What is important to remember is that “all this is taking place not at the same time. One must not say that before this we lived under conditions of developed democracy. All these years, democratic procedures have been compromised, and rights and freedoms restricted … Now we see an attempt to keep a specific individual who has already led the country in power forever.”
The most adequate description of this process is “’the Turkmenbashi-izaiton’” of Russia, the transformation of the country in the direction of the brutal and eccentric ruler of Turkmenistan who built statues to himself even as he destroyed all political life around him in order to remain in office.
Russians are suffering something similar, Reznik continues. Those who might be in a position to assume positions of responsibility have been destroyed or marginalized or exiled. “We saw this in the recent Moscow elections, and I think we will observe this with a refusal to register Navalny’s party, Gudkov’s party, the problems of Yabloko and so on.”
“It is impossible to discuss the history and future of parliamentarianism in the absence of democracy. These things are interrelated,” the deputy says. But just like Niyazov in Turkmenistan, Putin and his team “over the course of may years have destroyed any political competition and continue to do so.”

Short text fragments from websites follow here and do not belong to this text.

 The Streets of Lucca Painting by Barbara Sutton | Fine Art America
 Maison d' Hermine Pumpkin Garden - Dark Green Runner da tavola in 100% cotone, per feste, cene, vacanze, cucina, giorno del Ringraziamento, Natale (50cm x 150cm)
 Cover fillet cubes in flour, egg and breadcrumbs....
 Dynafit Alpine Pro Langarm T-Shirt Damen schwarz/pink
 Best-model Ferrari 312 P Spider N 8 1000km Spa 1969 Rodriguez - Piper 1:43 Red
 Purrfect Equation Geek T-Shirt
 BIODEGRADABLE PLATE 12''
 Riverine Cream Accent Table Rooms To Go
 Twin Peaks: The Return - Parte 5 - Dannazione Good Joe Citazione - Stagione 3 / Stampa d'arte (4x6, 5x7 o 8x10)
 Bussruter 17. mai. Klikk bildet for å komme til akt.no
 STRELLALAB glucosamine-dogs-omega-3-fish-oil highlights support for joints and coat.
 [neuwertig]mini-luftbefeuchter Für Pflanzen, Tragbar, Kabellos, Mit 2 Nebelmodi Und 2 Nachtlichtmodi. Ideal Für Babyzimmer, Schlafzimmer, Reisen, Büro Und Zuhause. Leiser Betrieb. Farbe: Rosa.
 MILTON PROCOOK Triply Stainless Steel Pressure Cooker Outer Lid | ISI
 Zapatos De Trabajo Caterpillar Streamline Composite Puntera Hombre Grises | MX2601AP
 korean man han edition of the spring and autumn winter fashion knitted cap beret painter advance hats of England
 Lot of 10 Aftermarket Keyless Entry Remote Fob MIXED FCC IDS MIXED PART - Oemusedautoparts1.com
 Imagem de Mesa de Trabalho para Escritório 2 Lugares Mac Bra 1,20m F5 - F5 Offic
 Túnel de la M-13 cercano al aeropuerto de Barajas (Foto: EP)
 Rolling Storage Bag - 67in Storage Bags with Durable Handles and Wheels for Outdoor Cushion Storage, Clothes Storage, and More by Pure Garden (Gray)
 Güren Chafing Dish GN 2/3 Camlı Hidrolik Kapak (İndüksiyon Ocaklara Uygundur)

But what is especially noteworthy is the way in which Putin himself increasingly resembles the late Niyazov in making himself irreplaceable by destroying all those who could do so. More than that, the Russian leader like the Turkmenistan one, “wants to rule on everything but not to be responsible for anything.”
“He wants to be involved with everything. Ballet, the Olympics, and big construction projects, he wants to teach history to everyone, to educate the whole role, and to threaten everyone with his fingers.” But at the same time, he doesn’t want to take responsibility for anything people turn out not to like, such as the pension reform.
The Turkmenbashi before his death erected a gold statue of himself that rotated so it always faced the sun, he changed the names of the months to honor his family members, he devastated the country with massive projects, and he used brutality and psychiatric prisons to maintain himself. (For a description of Niyazov, see theguardian.com/world/2006/dec/21/1).
Putin hasn’t yet erected a gold statue yet, but he has taken some of the other steps “the father of the Turkmens” did. And once he is president for life as Niyazov became in 1999, Putin may move even further in the horrific and absurd directions of the man Reznik suggests he all too much resembles.